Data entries
···

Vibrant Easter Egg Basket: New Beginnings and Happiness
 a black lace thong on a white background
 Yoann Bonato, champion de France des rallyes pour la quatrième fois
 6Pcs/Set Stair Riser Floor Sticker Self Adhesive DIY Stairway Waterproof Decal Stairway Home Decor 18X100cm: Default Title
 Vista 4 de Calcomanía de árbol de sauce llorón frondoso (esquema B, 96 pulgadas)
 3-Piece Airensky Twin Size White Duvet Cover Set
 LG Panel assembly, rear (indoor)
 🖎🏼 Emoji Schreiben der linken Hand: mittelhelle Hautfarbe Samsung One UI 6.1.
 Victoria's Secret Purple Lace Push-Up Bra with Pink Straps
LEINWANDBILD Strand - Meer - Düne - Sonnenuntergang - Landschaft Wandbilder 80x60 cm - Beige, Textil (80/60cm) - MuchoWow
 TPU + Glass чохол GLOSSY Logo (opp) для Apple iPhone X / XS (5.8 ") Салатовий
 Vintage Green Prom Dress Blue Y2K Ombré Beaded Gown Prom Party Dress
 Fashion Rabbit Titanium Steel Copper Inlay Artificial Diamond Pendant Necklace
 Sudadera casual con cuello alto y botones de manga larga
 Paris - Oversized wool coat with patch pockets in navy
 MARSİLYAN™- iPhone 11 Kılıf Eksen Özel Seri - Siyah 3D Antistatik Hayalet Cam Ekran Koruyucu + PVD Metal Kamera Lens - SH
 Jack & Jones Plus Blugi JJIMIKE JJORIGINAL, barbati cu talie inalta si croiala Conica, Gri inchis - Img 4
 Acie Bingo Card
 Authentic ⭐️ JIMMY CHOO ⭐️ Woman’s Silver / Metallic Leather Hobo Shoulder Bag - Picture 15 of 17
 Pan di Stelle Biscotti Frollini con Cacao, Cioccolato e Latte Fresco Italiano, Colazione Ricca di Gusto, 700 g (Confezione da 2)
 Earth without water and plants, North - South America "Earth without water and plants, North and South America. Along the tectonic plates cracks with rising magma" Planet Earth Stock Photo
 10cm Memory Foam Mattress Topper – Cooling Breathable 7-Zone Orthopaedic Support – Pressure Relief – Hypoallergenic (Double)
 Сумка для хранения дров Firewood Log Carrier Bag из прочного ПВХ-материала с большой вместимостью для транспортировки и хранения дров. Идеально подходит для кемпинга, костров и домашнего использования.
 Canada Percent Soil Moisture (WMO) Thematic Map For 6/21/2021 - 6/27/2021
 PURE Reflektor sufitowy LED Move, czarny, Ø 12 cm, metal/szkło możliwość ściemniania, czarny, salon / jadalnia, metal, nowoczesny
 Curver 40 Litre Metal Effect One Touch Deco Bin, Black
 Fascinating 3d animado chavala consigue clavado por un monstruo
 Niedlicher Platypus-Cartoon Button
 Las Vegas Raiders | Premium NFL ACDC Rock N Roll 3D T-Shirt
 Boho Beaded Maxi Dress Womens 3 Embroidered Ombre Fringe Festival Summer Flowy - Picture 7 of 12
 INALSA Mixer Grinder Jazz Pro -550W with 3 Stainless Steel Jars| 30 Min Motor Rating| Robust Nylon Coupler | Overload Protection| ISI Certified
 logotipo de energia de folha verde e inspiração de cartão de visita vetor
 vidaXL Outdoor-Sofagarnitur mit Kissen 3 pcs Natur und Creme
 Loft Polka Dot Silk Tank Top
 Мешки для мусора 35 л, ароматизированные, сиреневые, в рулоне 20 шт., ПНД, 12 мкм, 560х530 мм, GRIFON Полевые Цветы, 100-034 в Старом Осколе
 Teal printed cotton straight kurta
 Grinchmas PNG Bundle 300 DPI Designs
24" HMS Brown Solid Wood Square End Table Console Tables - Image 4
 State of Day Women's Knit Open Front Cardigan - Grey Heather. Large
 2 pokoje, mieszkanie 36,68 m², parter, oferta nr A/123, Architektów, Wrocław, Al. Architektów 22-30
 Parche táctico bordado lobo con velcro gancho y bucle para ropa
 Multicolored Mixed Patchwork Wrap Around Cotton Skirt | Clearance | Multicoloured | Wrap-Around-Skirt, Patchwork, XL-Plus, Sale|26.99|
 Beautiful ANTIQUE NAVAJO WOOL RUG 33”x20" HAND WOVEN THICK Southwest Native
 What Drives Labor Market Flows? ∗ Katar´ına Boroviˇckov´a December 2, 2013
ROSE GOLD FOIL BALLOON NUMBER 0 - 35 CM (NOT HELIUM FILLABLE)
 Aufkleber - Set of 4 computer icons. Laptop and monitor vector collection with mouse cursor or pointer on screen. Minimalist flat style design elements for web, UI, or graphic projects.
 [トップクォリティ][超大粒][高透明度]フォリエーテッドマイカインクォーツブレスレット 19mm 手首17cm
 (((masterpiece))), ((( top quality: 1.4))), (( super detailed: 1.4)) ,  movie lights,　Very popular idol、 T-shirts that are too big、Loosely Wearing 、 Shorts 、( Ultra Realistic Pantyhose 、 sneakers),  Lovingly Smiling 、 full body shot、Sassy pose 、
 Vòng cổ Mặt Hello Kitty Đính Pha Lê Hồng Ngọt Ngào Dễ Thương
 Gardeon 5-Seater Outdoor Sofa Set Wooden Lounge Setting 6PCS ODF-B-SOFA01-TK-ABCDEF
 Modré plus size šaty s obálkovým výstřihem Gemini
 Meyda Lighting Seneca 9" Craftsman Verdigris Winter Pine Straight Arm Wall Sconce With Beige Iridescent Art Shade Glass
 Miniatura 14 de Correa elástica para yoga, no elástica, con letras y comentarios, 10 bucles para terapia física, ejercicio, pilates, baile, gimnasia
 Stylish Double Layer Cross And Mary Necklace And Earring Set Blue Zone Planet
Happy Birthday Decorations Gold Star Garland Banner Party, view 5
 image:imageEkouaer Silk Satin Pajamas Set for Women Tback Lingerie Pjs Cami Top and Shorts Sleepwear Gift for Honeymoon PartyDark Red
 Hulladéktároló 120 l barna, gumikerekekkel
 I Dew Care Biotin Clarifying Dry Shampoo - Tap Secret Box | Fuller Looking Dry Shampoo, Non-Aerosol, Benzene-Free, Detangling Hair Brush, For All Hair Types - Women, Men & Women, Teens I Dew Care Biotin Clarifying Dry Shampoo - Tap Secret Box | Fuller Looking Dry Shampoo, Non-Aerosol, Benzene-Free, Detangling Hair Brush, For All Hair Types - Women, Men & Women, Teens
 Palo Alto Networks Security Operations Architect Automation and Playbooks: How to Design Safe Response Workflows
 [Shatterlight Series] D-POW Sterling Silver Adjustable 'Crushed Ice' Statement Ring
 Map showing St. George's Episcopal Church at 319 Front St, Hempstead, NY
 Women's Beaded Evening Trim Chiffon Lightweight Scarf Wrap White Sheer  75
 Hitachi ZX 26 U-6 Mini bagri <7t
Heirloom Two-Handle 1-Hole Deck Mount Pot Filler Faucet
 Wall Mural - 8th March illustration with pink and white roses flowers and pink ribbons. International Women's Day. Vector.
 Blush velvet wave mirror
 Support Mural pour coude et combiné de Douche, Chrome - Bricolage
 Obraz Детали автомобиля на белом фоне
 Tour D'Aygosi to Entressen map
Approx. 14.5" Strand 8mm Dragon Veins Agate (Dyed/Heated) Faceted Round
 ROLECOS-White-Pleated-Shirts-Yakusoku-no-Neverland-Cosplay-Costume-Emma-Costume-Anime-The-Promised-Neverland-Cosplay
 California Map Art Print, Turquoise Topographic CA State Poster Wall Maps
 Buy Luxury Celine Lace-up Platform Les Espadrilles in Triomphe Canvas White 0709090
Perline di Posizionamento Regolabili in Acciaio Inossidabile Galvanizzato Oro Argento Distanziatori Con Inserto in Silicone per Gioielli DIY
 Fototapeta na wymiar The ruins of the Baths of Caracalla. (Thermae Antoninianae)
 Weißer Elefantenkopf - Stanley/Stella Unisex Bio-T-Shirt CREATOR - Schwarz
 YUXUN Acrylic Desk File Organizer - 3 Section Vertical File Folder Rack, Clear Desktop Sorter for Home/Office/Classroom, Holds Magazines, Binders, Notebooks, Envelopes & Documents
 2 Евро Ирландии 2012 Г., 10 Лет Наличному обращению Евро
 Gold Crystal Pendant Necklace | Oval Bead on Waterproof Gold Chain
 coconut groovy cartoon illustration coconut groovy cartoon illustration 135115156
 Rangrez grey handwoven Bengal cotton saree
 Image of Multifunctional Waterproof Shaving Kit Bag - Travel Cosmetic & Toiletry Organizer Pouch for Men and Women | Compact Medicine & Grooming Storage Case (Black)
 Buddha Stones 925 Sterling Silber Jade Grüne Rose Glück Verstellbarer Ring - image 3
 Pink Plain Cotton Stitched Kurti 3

···

WHAT THE TASK REQUIRES:
Beginning of the records through the line with "10cm Memory Foam": return that span exactly and stop there.

REPLY:
Vibrant Easter Egg Basket: New Beginnings and Happiness
 a black lace thong on a white background
 Yoann Bonato, champion de France des rallyes pour la quatrième fois
 6Pcs/Set Stair Riser Floor Sticker Self Adhesive DIY Stairway Waterproof Decal Stairway Home Decor 18X100cm: Default Title
 Vista 4 de Calcomanía de árbol de sauce llorón frondoso (esquema B, 96 pulgadas)
 3-Piece Airensky Twin Size White Duvet Cover Set
 LG Panel assembly, rear (indoor)
 🖎🏼 Emoji Schreiben der linken Hand: mittelhelle Hautfarbe Samsung One UI 6.1.
 Victoria's Secret Purple Lace Push-Up Bra with Pink Straps
LEINWANDBILD Strand - Meer - Düne - Sonnenuntergang - Landschaft Wandbilder 80x60 cm - Beige, Textil (80/60cm) - MuchoWow
 TPU + Glass чохол GLOSSY Logo (opp) для Apple iPhone X / XS (5.8 ") Салатовий
 Vintage Green Prom Dress Blue Y2K Ombré Beaded Gown Prom Party Dress
 Fashion Rabbit Titanium Steel Copper Inlay Artificial Diamond Pendant Necklace
 Sudadera casual con cuello alto y botones de manga larga
 Paris - Oversized wool coat with patch pockets in navy
 MARSİLYAN™- iPhone 11 Kılıf Eksen Özel Seri - Siyah 3D Antistatik Hayalet Cam Ekran Koruyucu + PVD Metal Kamera Lens - SH
 Jack & Jones Plus Blugi JJIMIKE JJORIGINAL, barbati cu talie inalta si croiala Conica, Gri inchis - Img 4
 Acie Bingo Card
 Authentic ⭐️ JIMMY CHOO ⭐️ Woman’s Silver / Metallic Leather Hobo Shoulder Bag - Picture 15 of 17
 Pan di Stelle Biscotti Frollini con Cacao, Cioccolato e Latte Fresco Italiano, Colazione Ricca di Gusto, 700 g (Confezione da 2)
 Earth without water and plants, North - South America "Earth without water and plants, North and South America. Along the tectonic plates cracks with rising magma" Planet Earth Stock Photo
 10cm Memory Foam Mattress Topper – Cooling Breathable 7-Zone Orthopaedic Support – Pressure Relief – Hypoallergenic (Double)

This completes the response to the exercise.